Notably, the iPhones will sport larger screens than Apple's current flagship: one will offer a 4.7-inch screen, while the other will clock in at 5.5-inches -- Apple's first foray into the phablet space, a market long dominated by Google's (NASDAQ:GOOGL) biggest hardware partner, Samsung (NASDAQOTH: SSNLF). By offering a similar-sized product, Apple could be poised to steal many of Samsung's (and Google's) best customers.
ISI Group projects a monster upgrade cycle
Analysts at ISI Group have big expectations for the iPhone 6. According to Brian Marshall, the iPhone 6 will be the "mother lode of all upgrade cycles," prompting both Apple loyalists and longtime Samsung fans to make the switch.
It's easy to see why ISI Group would make such a projection: Although most of Google's share of the smartphone market comes from the low end, there is a significant group of buyers that choose high-end Android phones, mostly from Samsung. In 2013, Samsung sold at least 50 million Galaxy S4s and Note IIIs worldwide. These phones are powered by Google's mobile operating system, but cost as much (or even more) than Apple's high-end iPhone.
Why would buyers choose these phones? The biggest reason (no pun intended) is screen real estate -- if you want your smartphone to have a screen larger than four inches, you've no choice but to go with a smartphone powered by Google's mobile operating system.
There might be more to it than a larger screen
But the big screen isn't the only reason some buyers choose Samsung's phones. And even if that was the only reason they purchased a Galaxy in the first place, they might find it difficult to switch.
According to Business Insider, Samsung has built up a great degree of customer loyalty in recent quarters. In fact, about 58% of Samsung owners who upgraded last year opted for another Samsung device. That's notably less than Apple -- when it comes time to upgrade, more than 80% of current iPhone owners choose another iPhone, according to Consumer Intelligence Research Partners.
But it's arguably more impressive, because unlike Apple, Samsung doesn't control the Android operating system that powers its phones. It's relatively easy to switch from a Samsung Galaxy S3 to a rival HTC One, for example, or Google's own Nexus 5 -- purchased apps, movies, and music easily carry over, as the Android operating system remains constant across Google's many hardware partners.
It's worth noting that, like Apple's iTunes, Google's rival Google Play store seems to work just as well at trapping consumers. Unfortunately, Google doesn't break out the revenue derived from Google Play, but last quarter it did say that it was contributing meaningfully to the company's revenue growth, and the search giant has been aggressively advertising Google Play in recent months.
Perhaps the most concrete evidence of Android lock-in is the rate of iPhone upgrades at major carriers: Historically, about 80% of AT&T's smartphone sales have come from Apple's phone; at Verizon, it's only about 50%. Until 2011, AT&T had exclusive rights to the iPhone in the U.S. -- Verizon customers who wanted a smartphone had to make do with something powered by Google's operating system.

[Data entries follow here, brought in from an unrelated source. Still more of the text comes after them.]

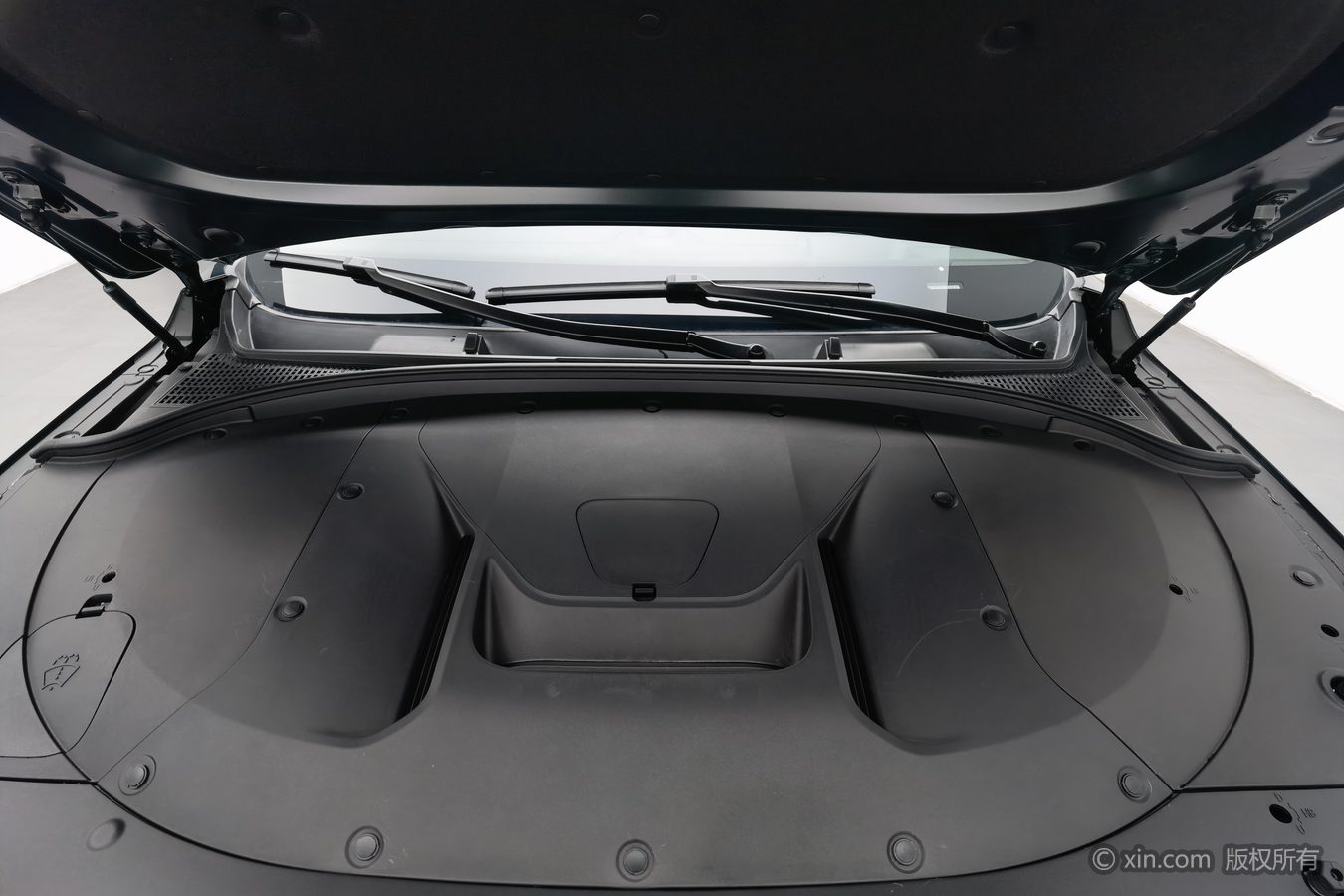2025 car image #18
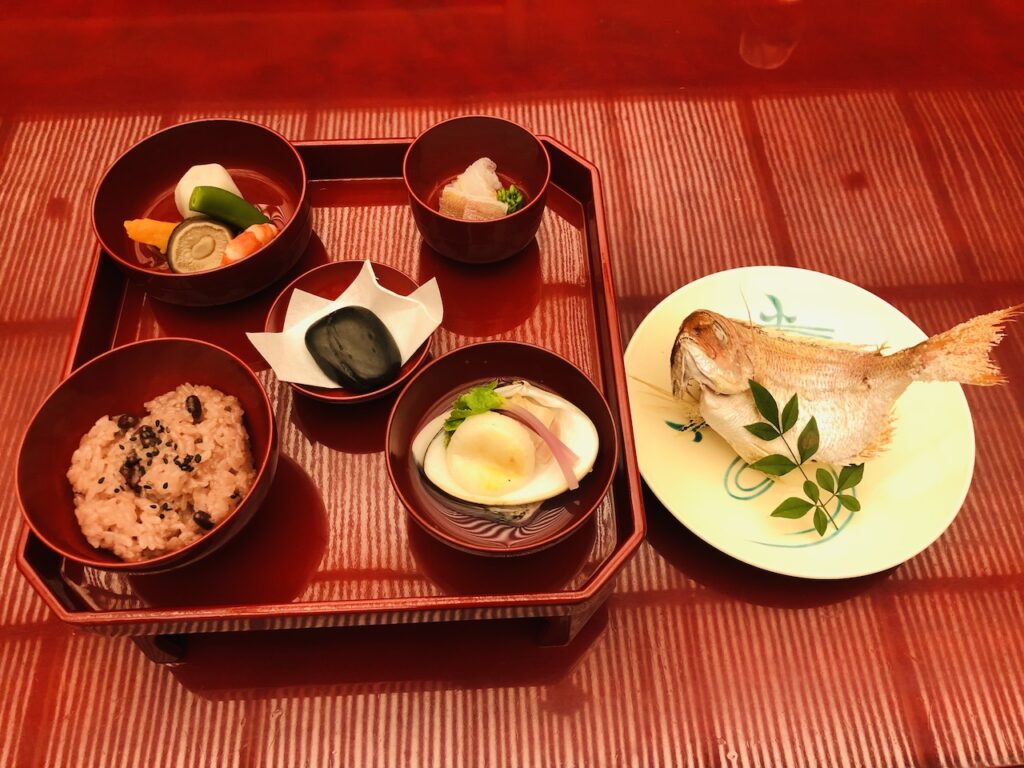 【おすすめです！】ホテル雅叙園東京の「渡風亭」で『お食い初め』をしてきました！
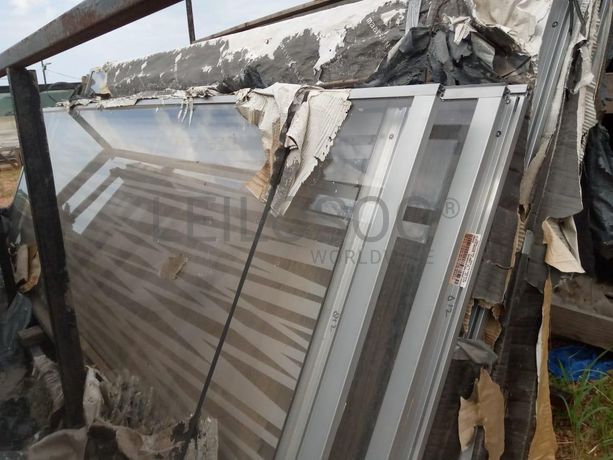 Estruturas de alumínio com vidros ·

That trend has continued: T-Mobile, which didn't get the iPhone until last year, saw only one-fifth of its customers choose Apple's smartphone.
The iPhone 6 could be big, but not that big
While a bigger iPhone obviously has the potential to steal many of Samsung and Google's customers, I wouldn't count on it. If Apple offers up a larger screen, it could catalyze a huge upgrade cycle, but perhaps not as big as analysts at ISI Group anticipate. Owners of Samsung's high-end Galaxy smartphones have reasons to stay loyal beyond just the screen size.